Food & Climate
An organization in San Francisco succeed to collects groceries from supermarkets that would head to the landfill and delivered them to a nonprofit that helps people living with HIV and other disabilities.
The Executive Director of an organization called Extra Food, Dittmar delivered produce, meats and baked goods to the Derek Silva Community, according a report seen by “Food & Climate” platform.
The food was a godsend to resident Vicente Macias, who’s been HIV+ positive since 1989. One of the few survivors of his group of 30 friends, his only income is $1,300 a month from social security.
“In the Supermarket those kinds of things they are very, very expensive. So, for me this is glory,” he said.
At the end of the day Dittmar was able to rescue more than 300 pounds of food, filling bellies instead of landfills, according to “CBS”.
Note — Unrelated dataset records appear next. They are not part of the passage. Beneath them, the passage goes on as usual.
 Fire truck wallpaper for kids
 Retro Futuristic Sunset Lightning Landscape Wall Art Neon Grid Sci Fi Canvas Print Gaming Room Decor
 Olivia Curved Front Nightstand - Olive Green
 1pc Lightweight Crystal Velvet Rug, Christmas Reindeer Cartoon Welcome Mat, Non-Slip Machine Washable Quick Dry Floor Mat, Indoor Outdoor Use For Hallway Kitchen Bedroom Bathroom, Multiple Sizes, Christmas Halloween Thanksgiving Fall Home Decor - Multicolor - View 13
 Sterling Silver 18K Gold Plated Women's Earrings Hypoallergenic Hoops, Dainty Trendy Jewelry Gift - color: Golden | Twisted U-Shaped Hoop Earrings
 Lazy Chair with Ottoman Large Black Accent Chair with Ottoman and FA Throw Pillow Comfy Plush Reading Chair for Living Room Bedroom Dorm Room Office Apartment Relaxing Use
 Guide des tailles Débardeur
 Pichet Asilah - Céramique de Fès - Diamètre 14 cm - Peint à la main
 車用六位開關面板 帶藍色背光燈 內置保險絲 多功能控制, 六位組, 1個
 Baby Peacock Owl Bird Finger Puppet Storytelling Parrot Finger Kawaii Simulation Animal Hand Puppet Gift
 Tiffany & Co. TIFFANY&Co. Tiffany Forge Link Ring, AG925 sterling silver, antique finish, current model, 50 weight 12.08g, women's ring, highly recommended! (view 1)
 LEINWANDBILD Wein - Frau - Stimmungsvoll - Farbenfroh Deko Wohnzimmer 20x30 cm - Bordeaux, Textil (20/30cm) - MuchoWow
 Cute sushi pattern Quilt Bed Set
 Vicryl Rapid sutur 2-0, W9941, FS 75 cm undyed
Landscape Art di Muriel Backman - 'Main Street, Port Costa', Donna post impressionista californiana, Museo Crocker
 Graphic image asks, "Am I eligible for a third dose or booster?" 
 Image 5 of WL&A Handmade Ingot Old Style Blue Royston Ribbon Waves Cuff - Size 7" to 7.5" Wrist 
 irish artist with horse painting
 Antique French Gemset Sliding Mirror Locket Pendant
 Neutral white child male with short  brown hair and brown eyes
“We have the food we need to feed more people we just have to waste less,” he said.
About a third of the U.S. food supply goes uneaten. When it rots in landfills, it produces methane gas.
California now requires all supermarkets to give away food that is still fit to eat, rather than throw it away.
Food insecurity
Now organizations like Dittmar’s are getting a boost from the state agency CalRecycle, which recently granted more than $2 million to the city’s Environment Department.
The goal is to rescue food that’s still fit to eat but has passed its sell by date. But Dittmar said many companies are dragging their feet.
“There has to be effective enforcement on the back end to make sure that there’s the carrot and the stick,” he said.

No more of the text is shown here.